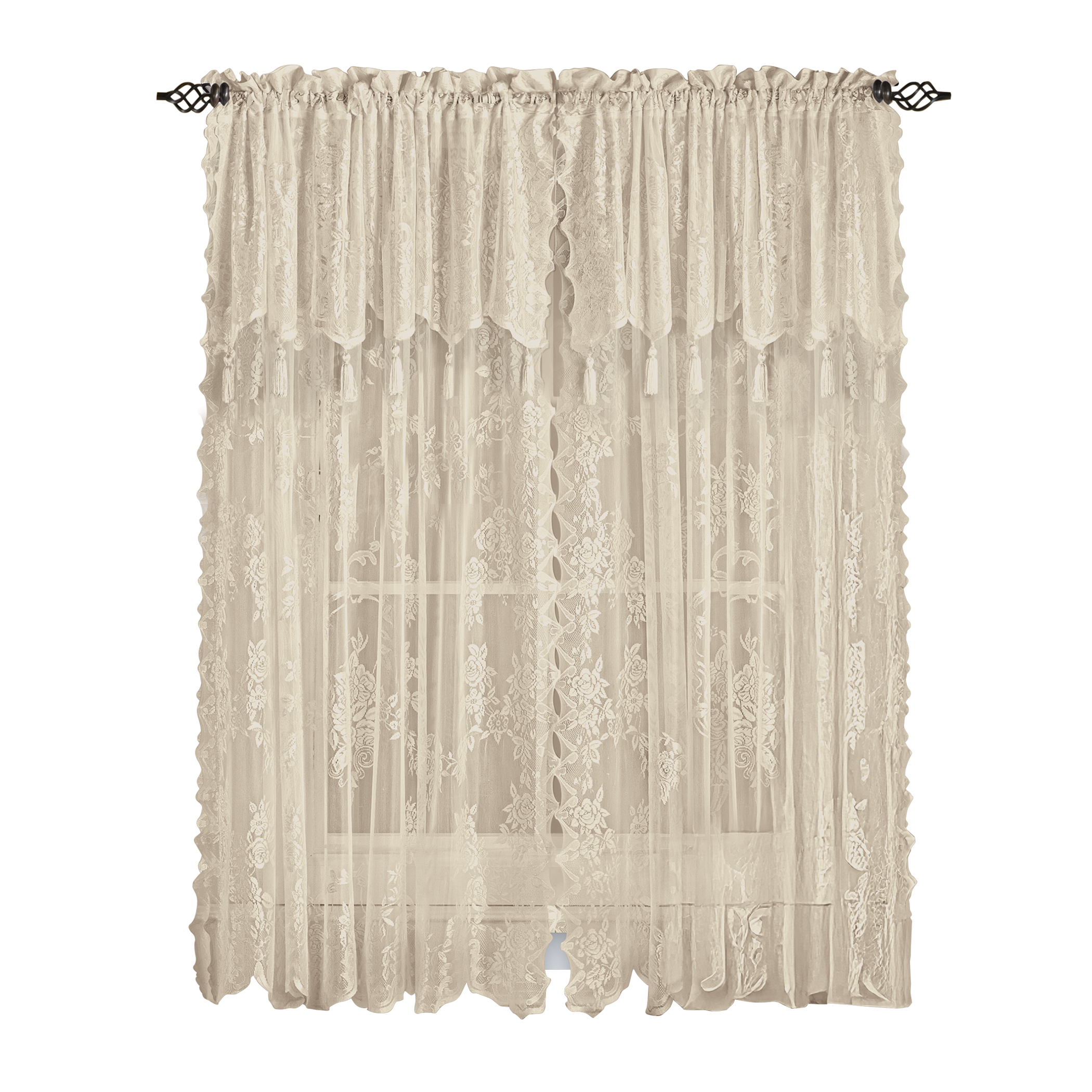 Carly Sheer Floral Lace Design Curtain Panel and Valance 56" x 63" Linen, 56" x 63"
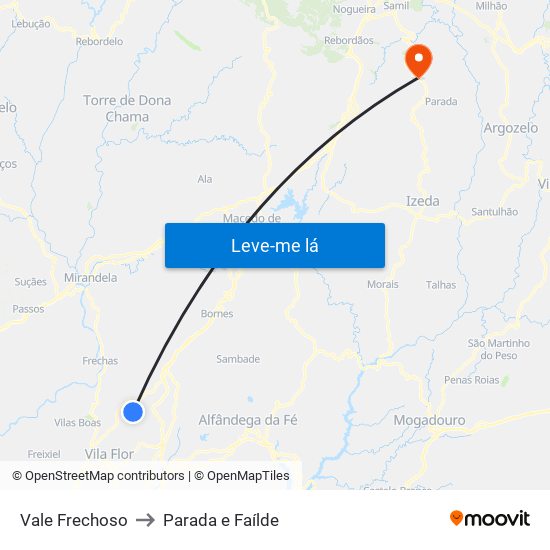 Vale Frechoso to Parada e Faílde map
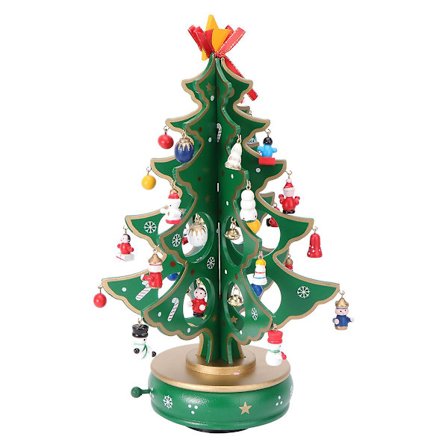 Klassisk Musikkboks Treverk Urverk Design Juletre Med Smykker Miniatyr Håndlaget Musikkboks Til Bursdag Valentinsgave (grønn)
__________________________________________________
- _Problem to solve_
Pictures aside, the material must be written out word for word.

- _Task result_
 Carly Sheer Floral Lace Design Curtain Panel and Valance 56" x 63" Linen, 56" x 63"
 Vale Frechoso to Parada e Faílde map
 Klassisk Musikkboks Treverk Urverk Design Juletre Med Smykker Miniatyr Håndlaget Musikkboks Til Bursdag Valentinsgave (grønn)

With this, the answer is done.